Page 21 of Dreamfall


  But get this . . . Sinclair’s mom came to see the shrink on her own. She confessed that they had made up the out-of-town alibi to protect him, but that she was sure he had no involvement and wanted to spare him the “emotional trauma” of further questioning.

  The shrink, however, was not convinced. She gave him this test called the Hare Psychopathy Checklist, and the dude is an off-the-charts psychopath. He’s listed as showing “manipulative behavior, little or no empathy, lack of remorse or guilt, compulsive lying, grandiose self-worth,” the list goes on and on.

  The shrink began to suspect that he killed all three of the kids. But until he said something to prove it, she couldn’t go to the police. She got him signed up for this experimental procedure to treat his insomnia and plans on “pressing him further” after he gets cured.
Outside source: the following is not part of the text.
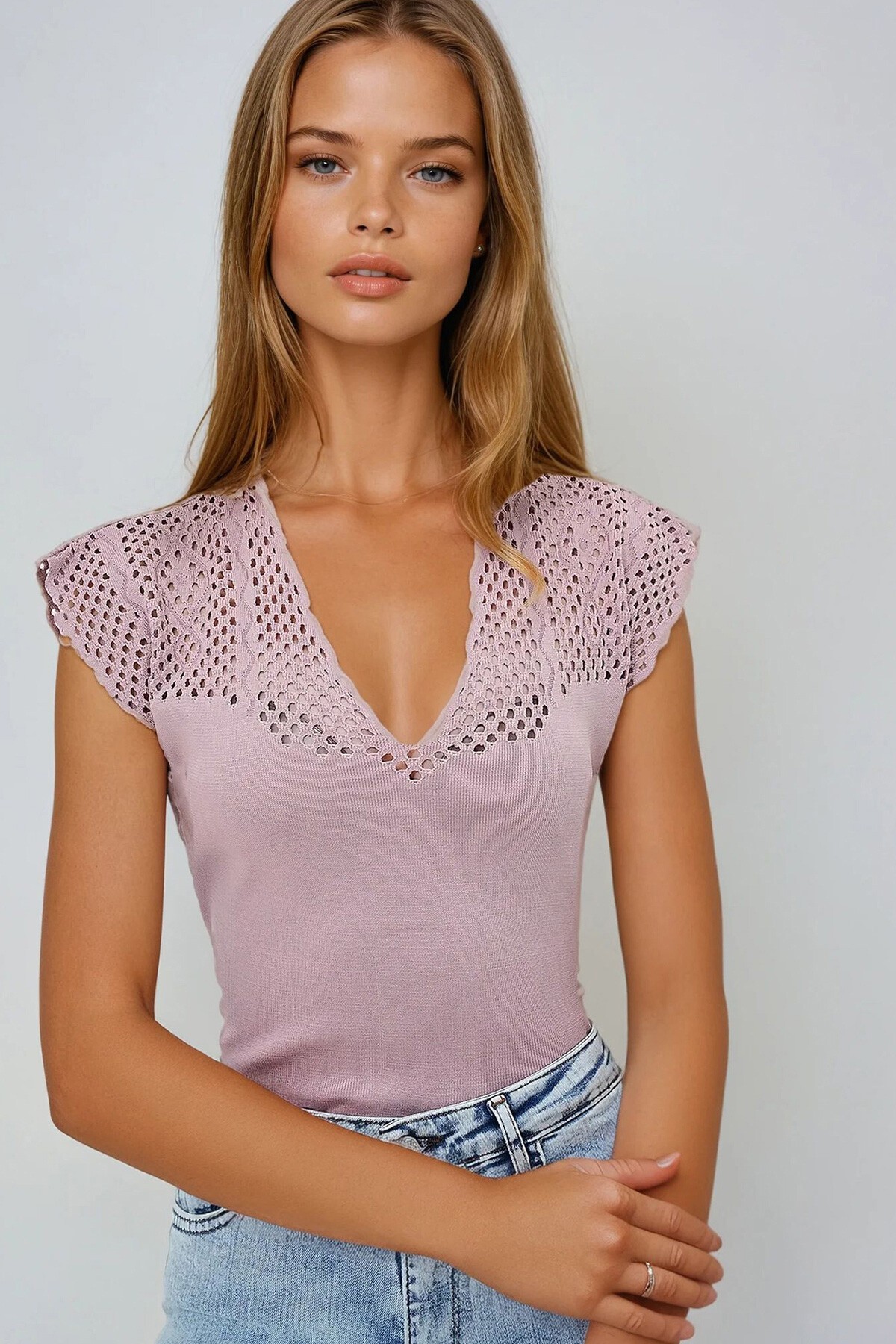 Pudra V Yaka Delik Ajurlu Mevsimlik Triko Bluz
  I saved screenshots in case you want them.

  Don’t know why you’re checking on these people, but I sincerely hope you never meet this guy in real life.
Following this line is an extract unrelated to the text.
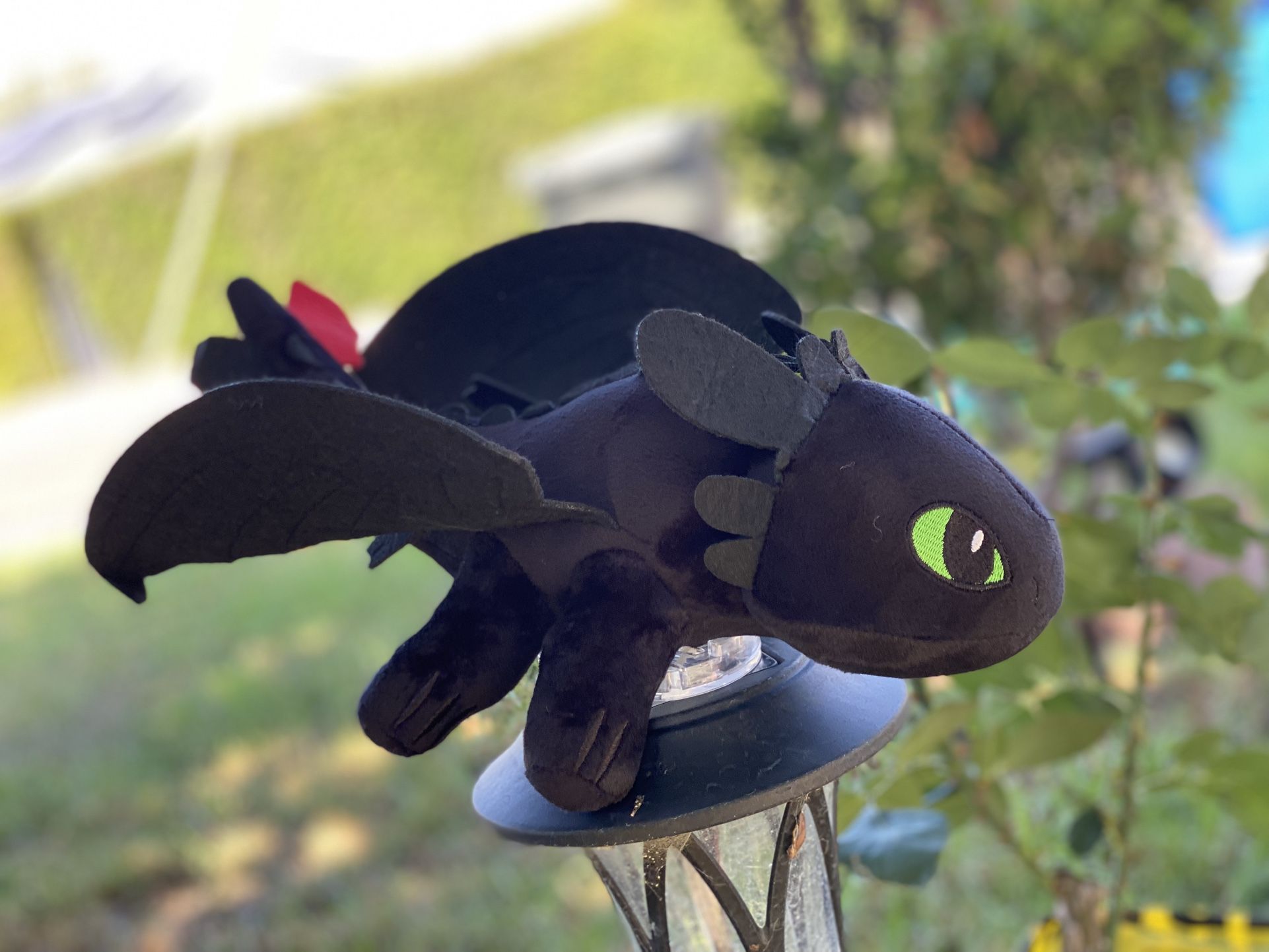Night Fury (Toothless) & Light Fury Plushies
  A shiver travels down my spine as I look at the immobile form of the boy on my monitor. I hope that Fergus understood what I told him before he went back under. Otherwise he and the others could suffer the same fate as the kids from Sinclair’s past.

  I pray with all my heart he heard my last words: One of you is a psychopath.

  ACKNOWLEDGMENTS

  MY BIGGEST THANK-YOU GOES TO MY EDITORS AT HarperTeen: Chris Hernandez and Tara Weikum. You saw the story when it was just an idea and grilled me (necessarily) about the details until it was actually worth writing. After that, you shepherded my wild imaginings into something that actually made sense. You both know how to push my buttons in the very best of ways.
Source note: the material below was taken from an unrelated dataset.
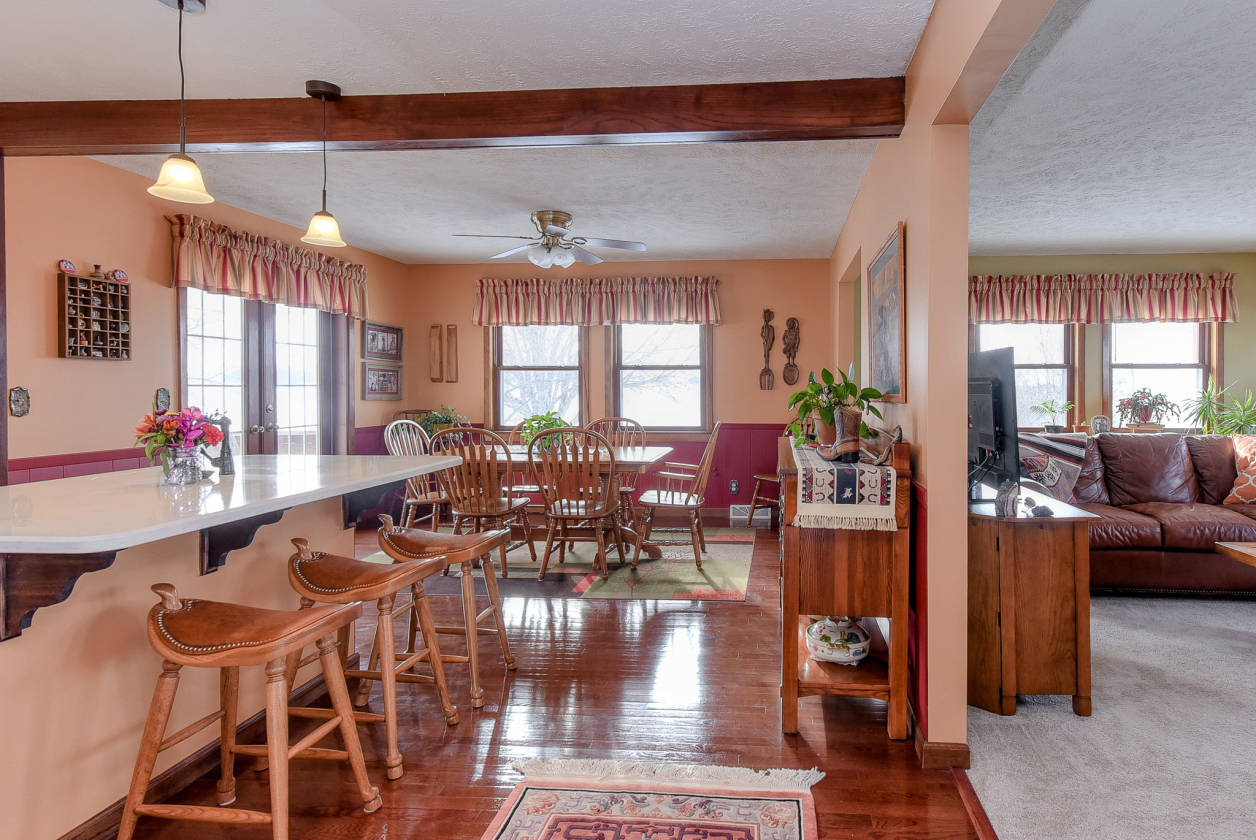 AMAZING ELKHORN ACREAGE READY FOR YOUR HORSES!! Elkhorn, Douglas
  Much thanks to the lovely Stacy Glick for ensuring that Dreamfall followed its predecessors into the hallowed halls of HarperTeen.

  Thank you to Jenna Stempel for giving my book its spine-chilling cover, and to Alexandra Rakaczki and Janet Robbins Rosenberg for transforming my grammar from spine-chilling to presentable.

  Thank you to my assistant, Kayla, for being my second brain, and for always being willing to do tasks that aren’t in your job description. Like pushing me in a wheelchair past the Mona Lisa.

  Merci to Lenore Appelhans and Claudia Depkin for beta-reading the manuscript and giving much-appreciated reassurance and feedback. Lenore said it bugged the hell out of her not to know if Jaime was a boy or a girl, which reassured me I was doing the right thing. Thank you to the Bear for indulging me repeatedly with the craziest of brainstorming sessions.

  Thank you to my friends for your encouragement and cheerleading during the planning and writing of Dreamfall, including Lawrence Daly, Lori Ann Stephens, Diana Canfield, Alex Goddard, Mags Harnett, Cassi Bryn-Michalik, Marie Cambolieu, Carina Rozenfeld, Christi Daugherty, Jack Jewers, Elizabeth Fordham, and Celeste Rhoads.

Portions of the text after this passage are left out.